The chart visualizes official numbers from the UCSD DFlash paper and does not represent direct ThakiCloud measurements. GSM8K 5.15x, MATH-500 6.08x, AIME25 5.62x, HumanEval 5.14x, and LiveCodeBench 5.51x show particularly large gains on math and code reasoning tasks. MT-Bench, which allows more varied responses, is comparatively lower at 2.75x. This is consistent with the general principle that speculative decoding gains more as output becomes more predictable (higher acceptance rate).

Throughput at a fixed latency target. The 15x figure NVIDIA reports refers to serving gpt-oss-120b on a DGX B300 (8 Blackwell GPUs) with TensorRT-LLM, achieving over 15x the throughput of autoregressive decoding at the 500-600 tokens/second per user operating point. At the same point, DFlash is approximately 1.5x faster than EAGLE-3. In a separate NVIDIA Speed-Bench (latency speedup at the same concurrency), gpt-oss-120b shows DFlash at 2.3x vs. EAGLE-3 at 1.7x, and Llama 3.1 8B Instruct shows DFlash at 2.8x vs. EAGLE-3 at 2.2x. Across tasks the reported range extends to Gemma 4 31B at up to 5.8x (vLLM) and Qwen3 8B at 5.1x (SGLang).

In summary, “6x” is lossless single-request speedup; “15x” is serving throughput when many users are held to the same latency target. The two numbers answer different questions. To estimate what to expect in your own deployment, fix your concurrency and latency target first, then look at the figure for that operating point.

Implications for the ThakiCloud K8s AI/ML Platform

ThakiCloud runs a stack where Kueue schedules GPUs on Kubernetes and vLLM serves models across multiple tenants. DFlash is particularly well-suited to this setup for three reasons.

First, it is a drop-in replacement with low operational risk. If you are already running speculative decoding with EAGLE-3, you can switch method and the draft checkpoint to DFlash and validate it as a canary deployment. Because it is a lossless technique - the API contract and output distribution are unchanged - tenants see the same response content; only throughput and latency improve. An optimization that does not break output consistency is rare and valuable in multi-tenant SaaS.
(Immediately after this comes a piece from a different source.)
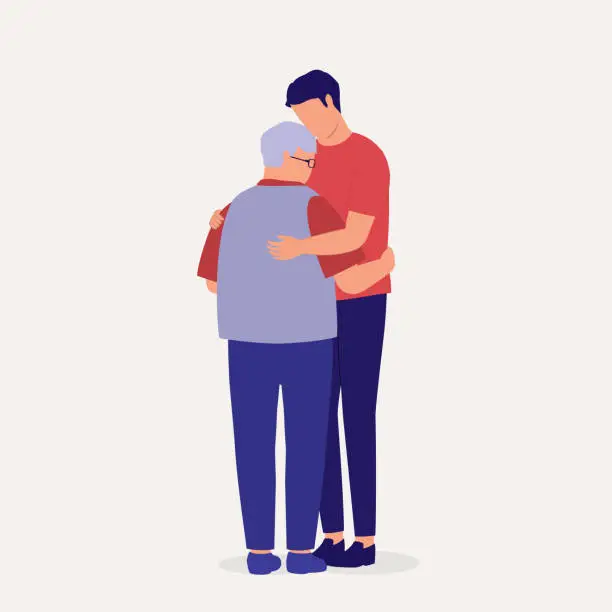 Vector illustration of Father And Son Hugging Each Other Lovingly.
Second, GPU efficiency directly translates to unit economics. Handling more concurrent requests at the same latency target with the same GPU means lower serving cost per tenant. This matters most in environments where adding capacity is constrained, such as on-premises deployments or domestic-region GPU allocations. It aligns precisely with ThakiCloud’s emphasis on on-premises deployment, cost efficiency, and self-hosting. That said, the 15x figure is a ceiling measured on Blackwell with TensorRT-LLM; expectations should be adjusted for the GPU generation and serving backend actually in use.

Third, the gains are largest on math and code workloads. Internal coding agents, data analysis pipelines, and tool-heavy agent workloads produce structured outputs, so acceptance rates tend to be higher. Tenants running these workloads are likely to see above-average gains from DFlash. Given ThakiCloud’s focus on multi-tenant agent platforms, it makes sense to prioritize DFlash serving profiles for tenants with code and reasoning workloads.

A natural longer-term roadmap: expose speculative decoding method as a per-tenant serving profile in the vLLM Helm chart, and run a background cost measurement loop to track whether token-per-dollar actually improves after DFlash is applied. The principle of measuring rather than assuming applies to inference optimization as much as anywhere else.

Limitations and Caveats

DFlash is not a universal solution. The headline numbers are tied to specific hardware and backends. The 15x result requires Blackwell with TensorRT-LLM; older GPU generations and other serving stacks will see smaller gains. The 6x lossless figure is single-stream greedy decoding; high-temperature sampling and conversational workloads with more varied outputs will lower acceptance rates and reduce the benefit (MT-Bench at 2.75x illustrates this).

Second, speculative decoding adds memory overhead. The draft model and its KV cache occupy GPU memory, which can create trade-offs with concurrency limits in memory-constrained multi-tenant environments. The small drafter reduces this burden but does not eliminate it.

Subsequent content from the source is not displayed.